Federal Circuit Affirms Preliminary Injunction for CPAP Company

“The presumption of validity is not conditional; the statute provides that a certificate of registration ‘shall’ result in the presumption, without specifying any exceptions…. Sunset fails to identify any statutory or legal basis to withhold the presumption from a registration.” – CAFC

preliminary injunctionThe U.S. Court of Appeals for the Federal Circuit (CAFC) today issued a precedential decision affirming the grant of a narrowly-tailored preliminary injunction to SoClean, Inc., a medical device company that makes CPAP machines, based on trademark infringement claims against Sunset Healthcare Solutions, Inc.

SoClean alleged in 2021 that Sunset infringed its U.S. Trademark Registration No. 6,080,195. The registration covers the configuration of replacement filters for its sanitizing devices.

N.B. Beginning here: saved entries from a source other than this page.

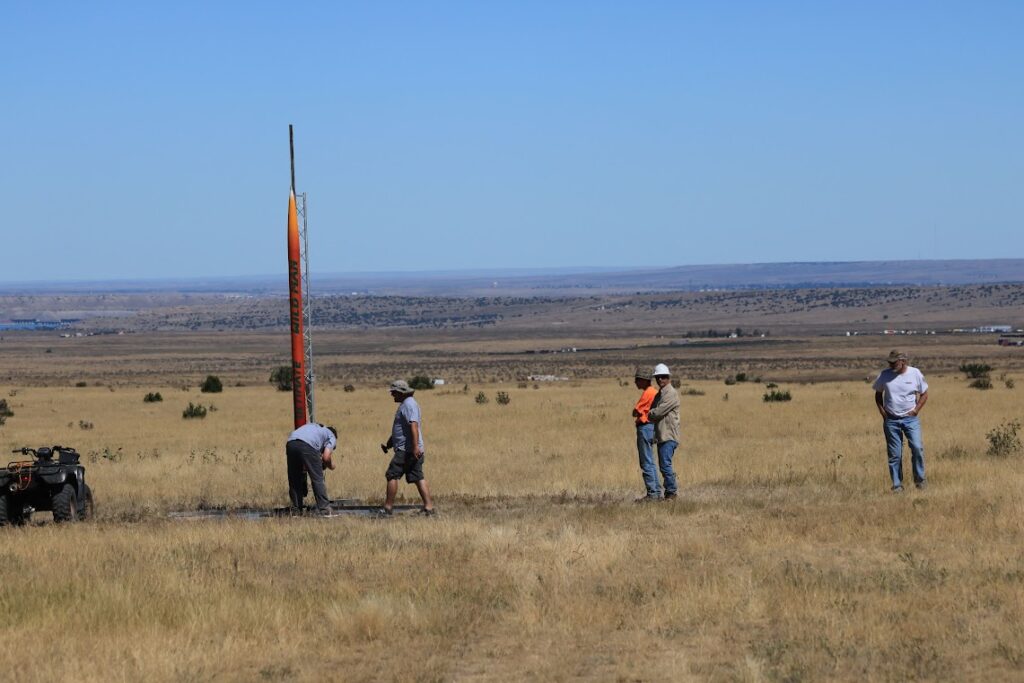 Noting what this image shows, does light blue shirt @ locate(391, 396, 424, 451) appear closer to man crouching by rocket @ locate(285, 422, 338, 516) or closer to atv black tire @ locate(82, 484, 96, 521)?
man crouching by rocket @ locate(285, 422, 338, 516)

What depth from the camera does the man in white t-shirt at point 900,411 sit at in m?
17.1

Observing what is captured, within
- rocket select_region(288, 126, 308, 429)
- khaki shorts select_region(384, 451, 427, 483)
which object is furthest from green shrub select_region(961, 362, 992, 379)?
khaki shorts select_region(384, 451, 427, 483)

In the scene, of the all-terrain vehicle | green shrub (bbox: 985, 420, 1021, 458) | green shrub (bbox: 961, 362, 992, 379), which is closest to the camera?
the all-terrain vehicle

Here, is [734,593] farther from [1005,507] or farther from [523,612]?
[1005,507]

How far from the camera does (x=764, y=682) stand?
863 cm

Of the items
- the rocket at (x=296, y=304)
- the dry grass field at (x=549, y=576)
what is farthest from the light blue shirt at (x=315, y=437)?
the rocket at (x=296, y=304)

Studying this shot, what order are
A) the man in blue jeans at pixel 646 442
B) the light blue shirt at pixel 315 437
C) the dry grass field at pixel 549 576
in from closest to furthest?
the dry grass field at pixel 549 576 → the light blue shirt at pixel 315 437 → the man in blue jeans at pixel 646 442

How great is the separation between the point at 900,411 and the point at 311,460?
6598mm

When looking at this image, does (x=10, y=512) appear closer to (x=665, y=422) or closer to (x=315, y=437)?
(x=315, y=437)

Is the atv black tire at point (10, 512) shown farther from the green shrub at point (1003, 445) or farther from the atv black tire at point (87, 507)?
the green shrub at point (1003, 445)

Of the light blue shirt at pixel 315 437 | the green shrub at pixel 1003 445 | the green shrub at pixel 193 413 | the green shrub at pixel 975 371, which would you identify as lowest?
the green shrub at pixel 975 371

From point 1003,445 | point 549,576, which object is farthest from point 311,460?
point 1003,445

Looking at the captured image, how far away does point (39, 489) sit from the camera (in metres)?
16.2

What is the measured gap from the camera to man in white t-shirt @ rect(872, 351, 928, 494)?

SoClean first sued  Sunset for patent infringement in two separate suits filed in 2020, which were consolidated. The trademark claims were added via amended complaint to the second lawsuit. In April 2021, SoClean asked the district court to enjoin Sunset from “using, selling, offering for sale, or making in the United States” filters that it said infringed the ’195 registration. The district court granted the motion in part, but tailored the injunction to enjoin Sunset “from engaging in those practices that result in consumer confusion” or marketing its filters “using images of the filter cartridge alone.” Instead, the court said, “[a]ny image, drawings, or other depictions of Sunset’s filter cartridge used for the purposes of promotion, marketing and/or sales shall prominently display the Sunset brand name in a manner that leaves no reasonable confusion that what is being sold is a Sunset brand filter.”

On appeal, Sunset argued that the district court abused its discretion in determining that SoClean was likely to succeed on the merits and that it erred in finding the “availability of alternative designs for the filter’s head meant that SoClean was likely to defeat Sunset’s functionality defense.”

The CAFC first addressed Sunset’s contention that the court abused its discretion by suggesting SoClean was likely to defeat its argument that the ‘195 registration lacked secondary meaning. Specifically, Sunset said that the district court “(1) afforded too much weight to the presumption of validity and (2) held Sunset to a higher standard of proof than the applicable
preponderance-of-the-evidence standard.”

Since SoClean’s trade dress is a product configuration trade dress, it is only protectable “upon a showing of secondary meaning,” as held in Wal-Mart Stores, Inc. v. Samara Bros., 529 U.S. 205, 216 (2000). However, a federal registration serves as “prima facie evidence of the validity of the registered mark and of the registration of the mark.” Since the mark has been registered for fewer than five years and is still contestable, “the effect of registration . . . is to shift the burden of proof from the plaintiff to the defendant, who must introduce sufficient evidence to rebut the presumption of the plaintiff’s right to exclusive use,” explained the CAFC, citing Borinquen Biscuit Corp. v. M.V. Trading Corp., 443 F.3d 112, 117 (1st Cir. 2006). Sunset acknowledged that it bears such a burden, but said the district court should have “decide[d] whether the evidence that was before the [trademark] examiner, in view of Sunset’s arguments and additional evidence, is sufficient to support SoClean’s Section 2(f) registration.”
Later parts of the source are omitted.